- [Task to carry out] Exactly repeat all the records below, omitting the images they hold.

- [Records for processing]
* * * * *

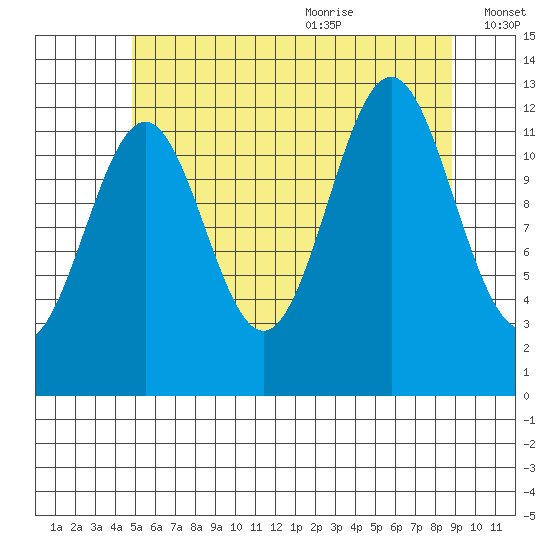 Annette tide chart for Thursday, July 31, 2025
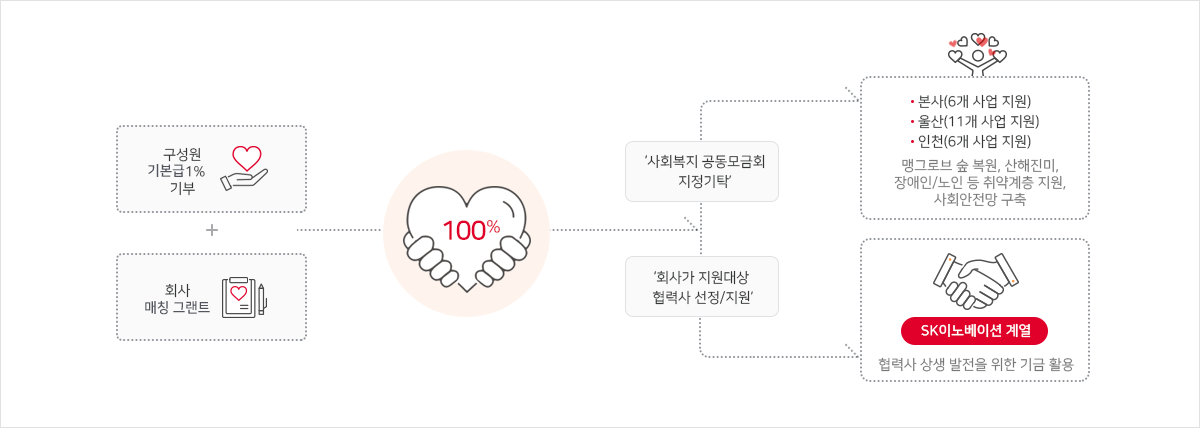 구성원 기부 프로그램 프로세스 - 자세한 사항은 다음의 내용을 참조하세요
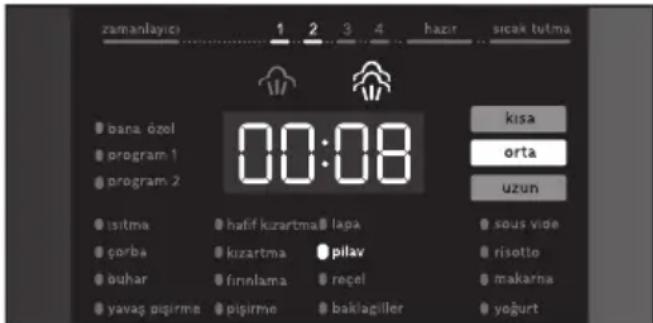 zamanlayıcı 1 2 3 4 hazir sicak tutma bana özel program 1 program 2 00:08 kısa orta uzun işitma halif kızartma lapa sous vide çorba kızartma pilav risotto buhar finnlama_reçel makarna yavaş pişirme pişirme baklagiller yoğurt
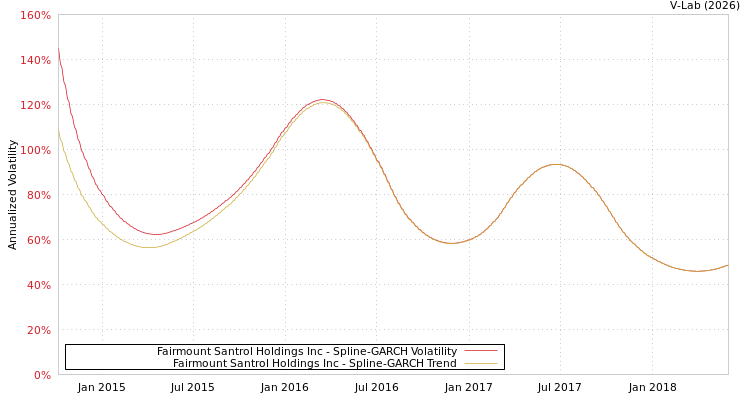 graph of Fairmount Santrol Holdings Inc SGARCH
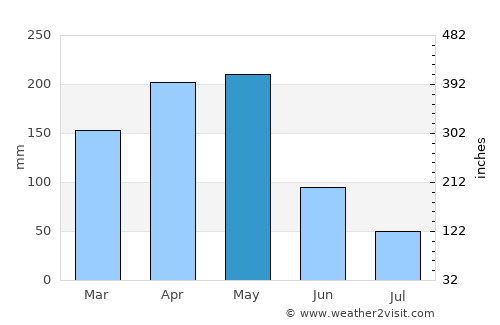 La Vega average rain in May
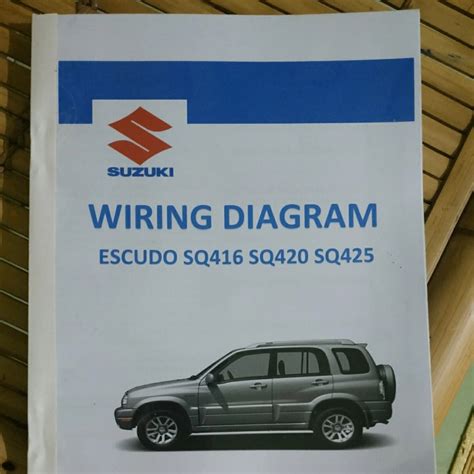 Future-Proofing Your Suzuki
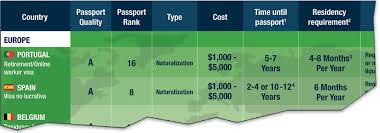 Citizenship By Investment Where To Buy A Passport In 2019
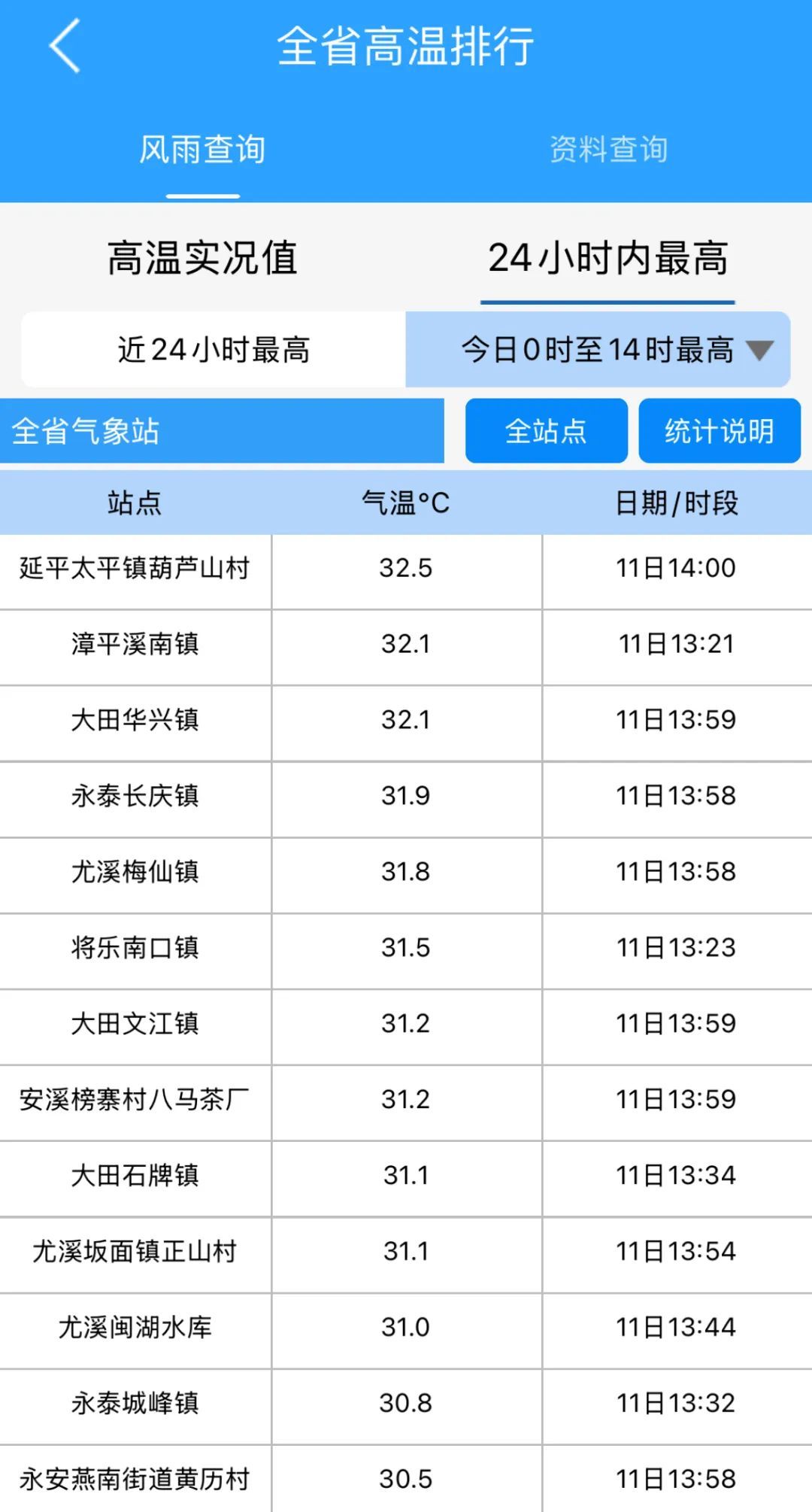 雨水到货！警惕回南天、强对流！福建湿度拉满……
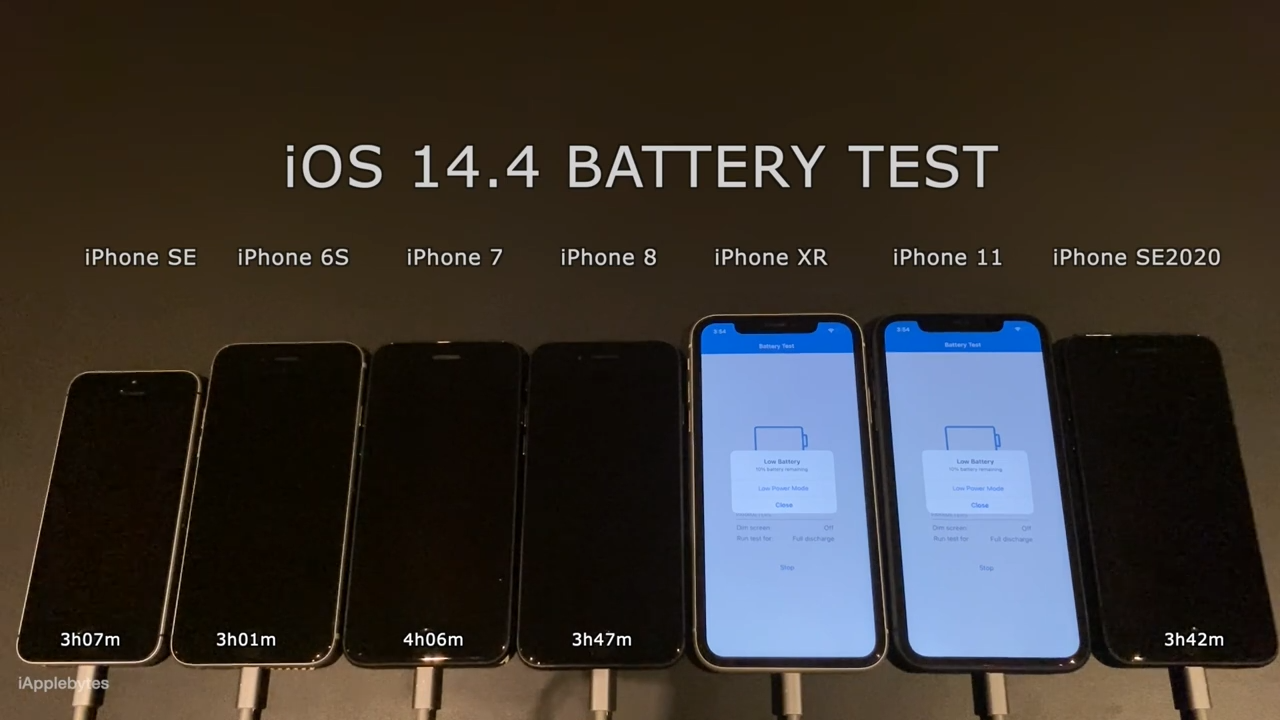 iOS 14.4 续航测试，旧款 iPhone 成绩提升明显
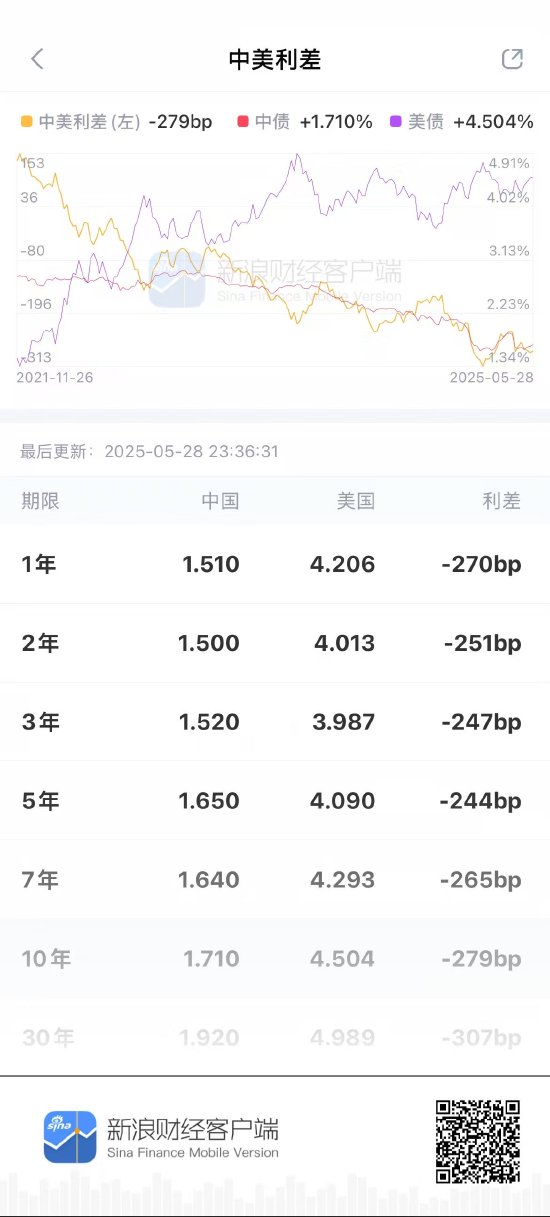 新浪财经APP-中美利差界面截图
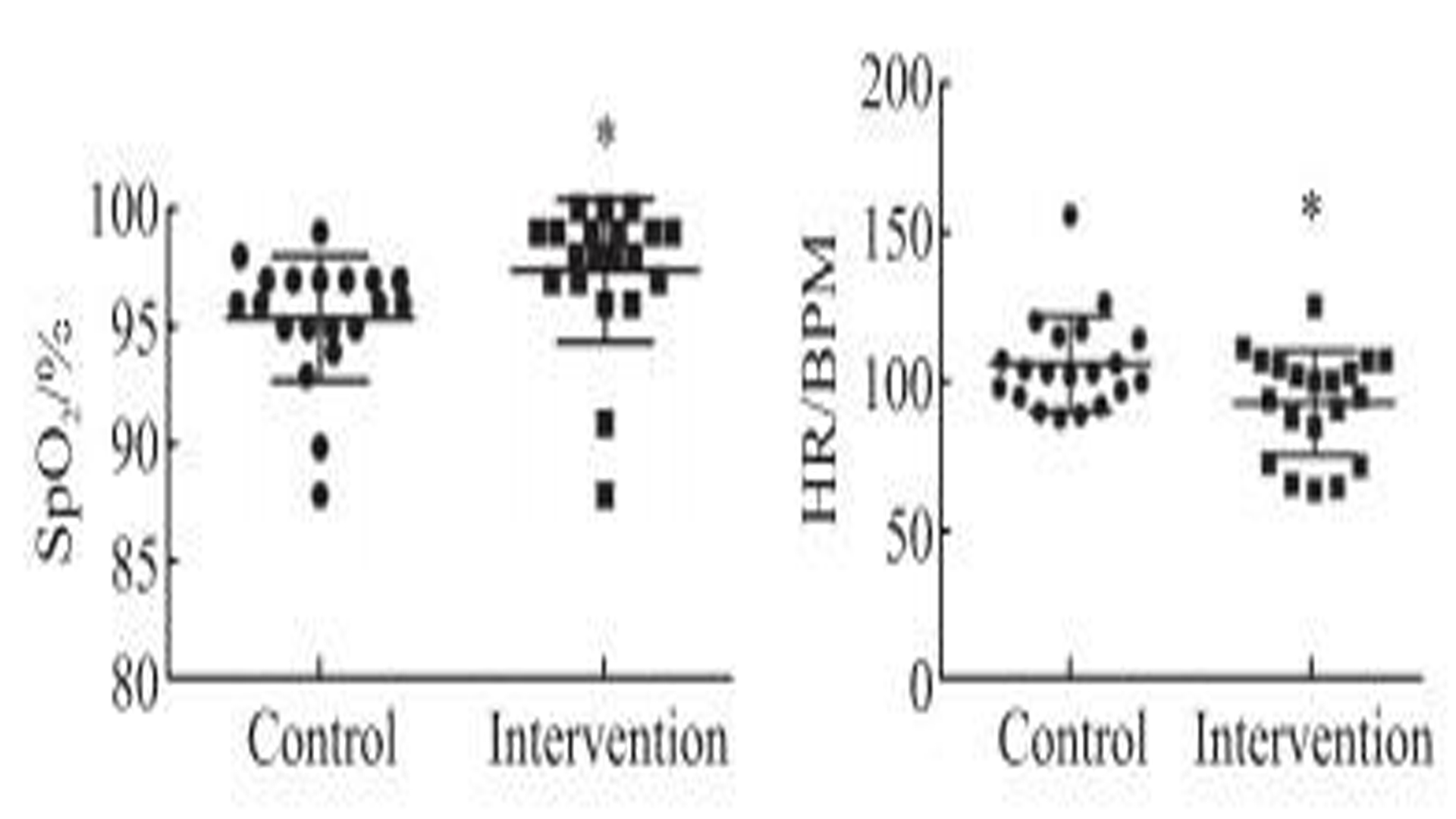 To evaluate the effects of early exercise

* * * * *

- [Task result]
 Annette tide chart for Thursday, July 31, 2025
 구성원 기부 프로그램 프로세스 - 자세한 사항은 다음의 내용을 참조하세요
 zamanlayıcı 1 2 3 4 hazir sicak tutma bana özel program 1 program 2 00:08 kısa orta uzun işitma halif kızartma lapa sous vide çorba kızartma pilav risotto buhar finnlama_reçel makarna yavaş pişirme pişirme baklagiller yoğurt
 graph of Fairmount Santrol Holdings Inc SGARCH
 La Vega average rain in May
 Future-Proofing Your Suzuki
 Citizenship By Investment Where To Buy A Passport In 2019
 雨水到货！警惕回南天、强对流！福建湿度拉满……
 iOS 14.4 续航测试，旧款 iPhone 成绩提升明显
 新浪财经APP-中美利差界面截图
 To evaluate the effects of early exercise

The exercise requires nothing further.